-- Data segment follows --
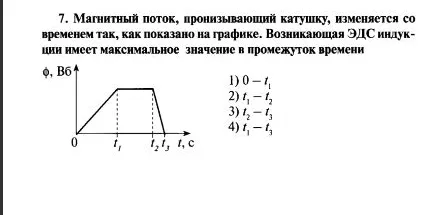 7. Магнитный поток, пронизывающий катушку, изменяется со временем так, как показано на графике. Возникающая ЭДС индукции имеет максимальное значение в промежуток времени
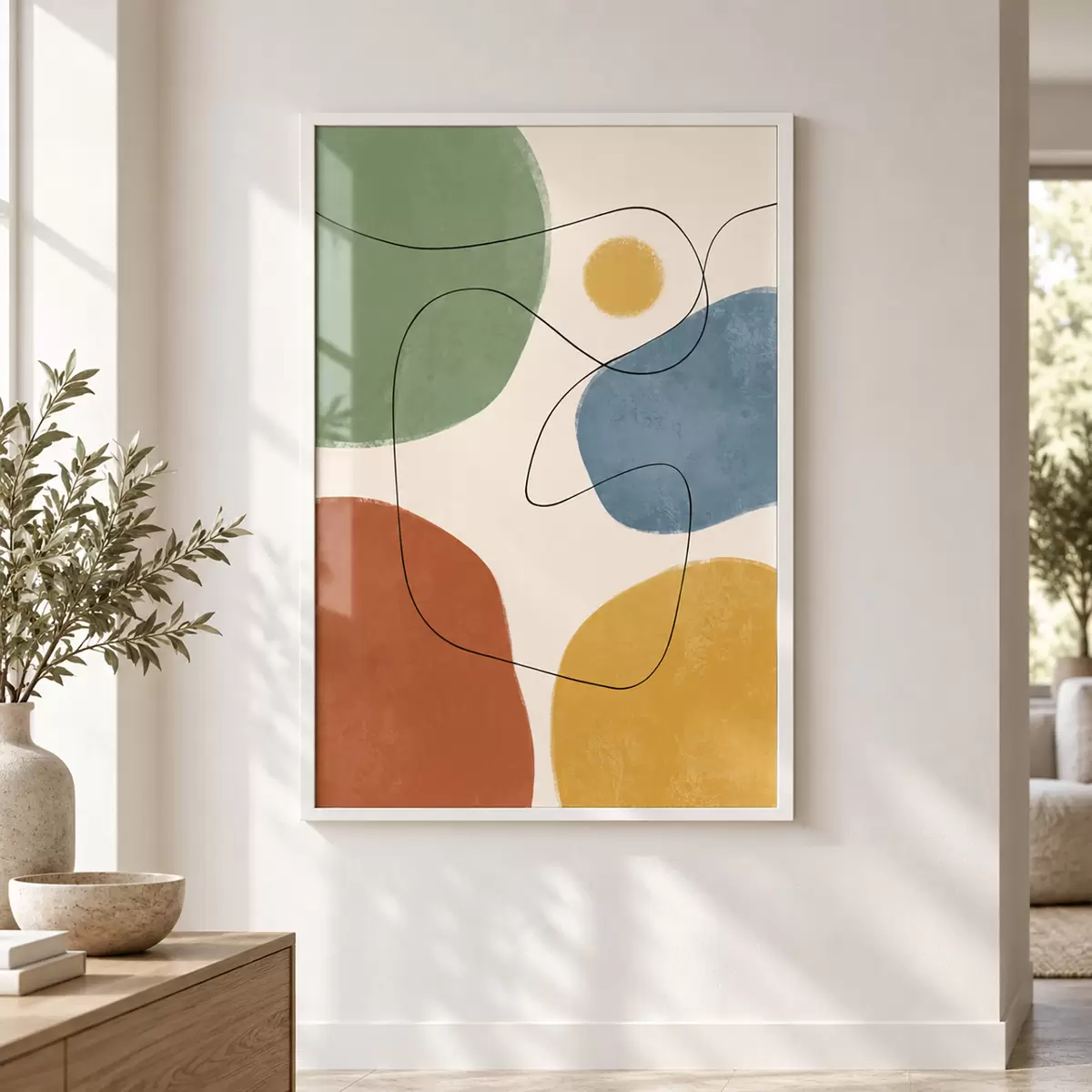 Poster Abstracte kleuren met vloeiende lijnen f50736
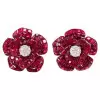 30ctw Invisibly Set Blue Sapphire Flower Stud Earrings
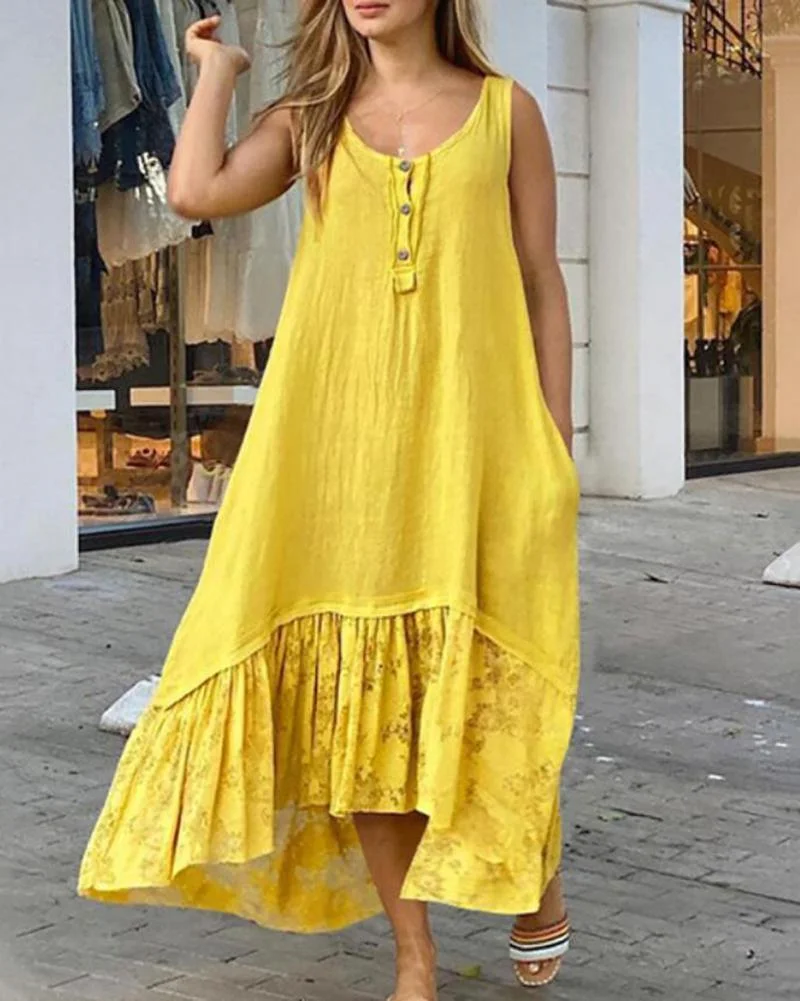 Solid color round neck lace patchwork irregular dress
-- Data segment concluded --
• **Task instructions**: Only the words belong in your copy: restate the data above exactly and leave the images out.

• **Solution to this problem**:
 7. Магнитный поток, пронизывающий катушку, изменяется со временем так, как показано на графике. Возникающая ЭДС индукции имеет максимальное значение в промежуток времени
 Poster Abstracte kleuren met vloeiende lijnen f50736
 30ctw Invisibly Set Blue Sapphire Flower Stud Earrings
 Solid color round neck lace patchwork irregular dress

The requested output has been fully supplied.